According to a study conducted by the research team at Columbia University Medical Center, the hair on mice could be fully restored in a span of 4 to 5 months with the help of a drug known as Ruxolitinib, which is meant for the bone marrow disease. Their findings were published in Nature Medicine. Research leader, Dr. Raphael Clynes said, “We"ve only begun testing the drug in patients, but if the drug continues to be successful and safe, it will have a dramatic positive impact on the lives of people with this disease.”
The new study was conducted on 5 men and 7 women. It was found that by using Ruxolitinib, the hair growth of 3 patients suffering from moderate-to-severe alopecia areata was restored completely within a span of 4 to 5 months. In addition to hair growth, the T cells that cause harm to the hair follicles were not found on the scalps of the patients.

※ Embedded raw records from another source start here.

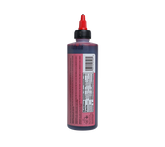 Super Red Airbrush Color 9 oz.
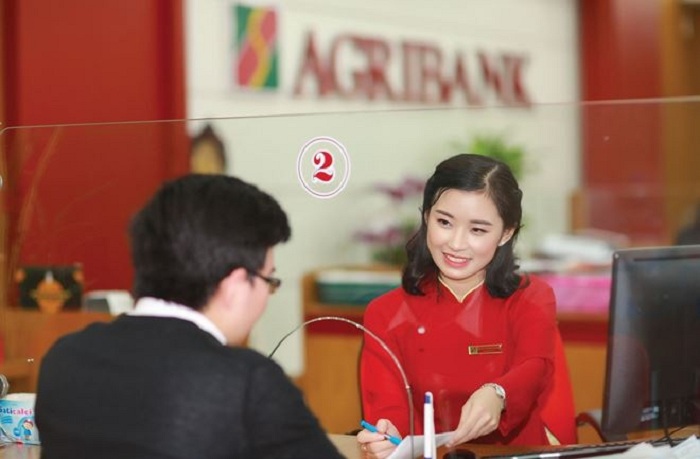 chi-nhanh-ngan-hang-agribank-quan-6-92x60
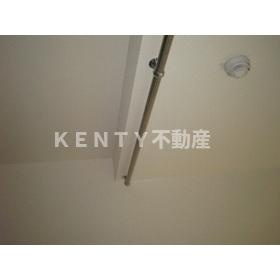 【設備】 | エクセルシア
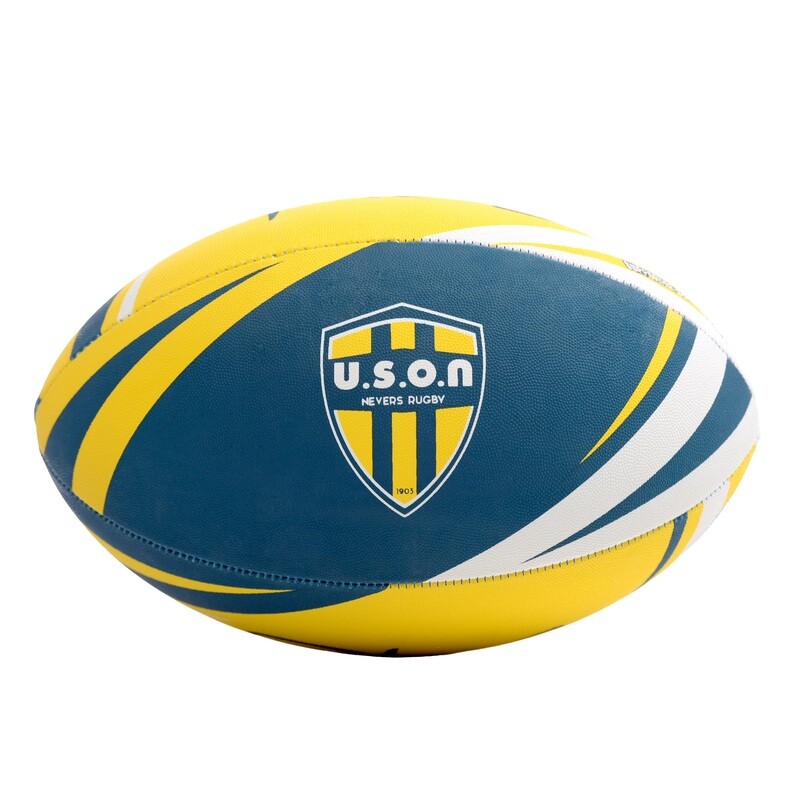 BALLON SUPPORTER 22/23 N°1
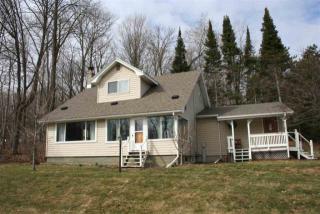 1667 County Rd, Fenwood, WI 54426-9410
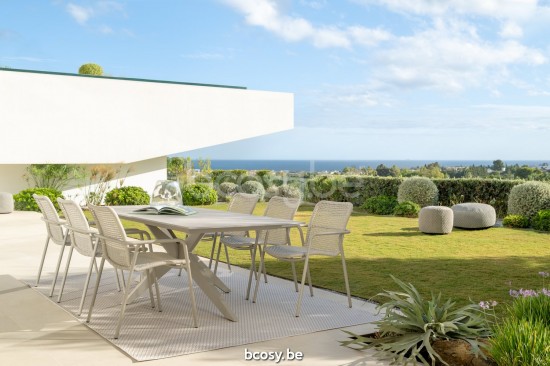 Jati&kebon 15050-01-006914.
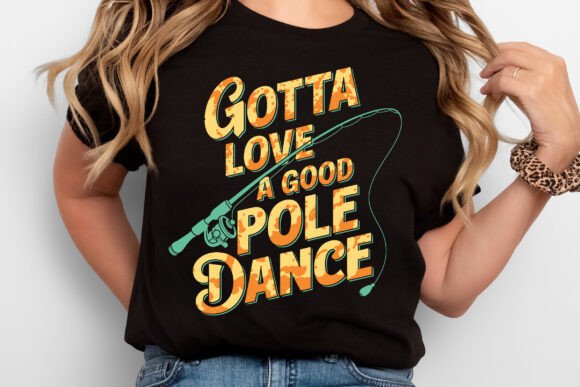 Fishing Bundle Svg | Fishing Svg - Image 6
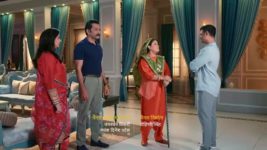 Megha Barsenge S01 E61 New Episode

Dr. David Bickers from the Department of Dermatology, CUMC, was quoted as calling the results of the study, “a major step forward in improving the standard of care for patients suffering from this devastating disease."This is indeed a major breakthrough in medicine, although it is not the first drug for a certain disease has helped patients with alopecia. In the month of June, another study resulted in restoring the hair growth of a 25-year old alopecia patient with the help of the drug Tofacitinib, which is used for the treatment of rheumatoid arthritis.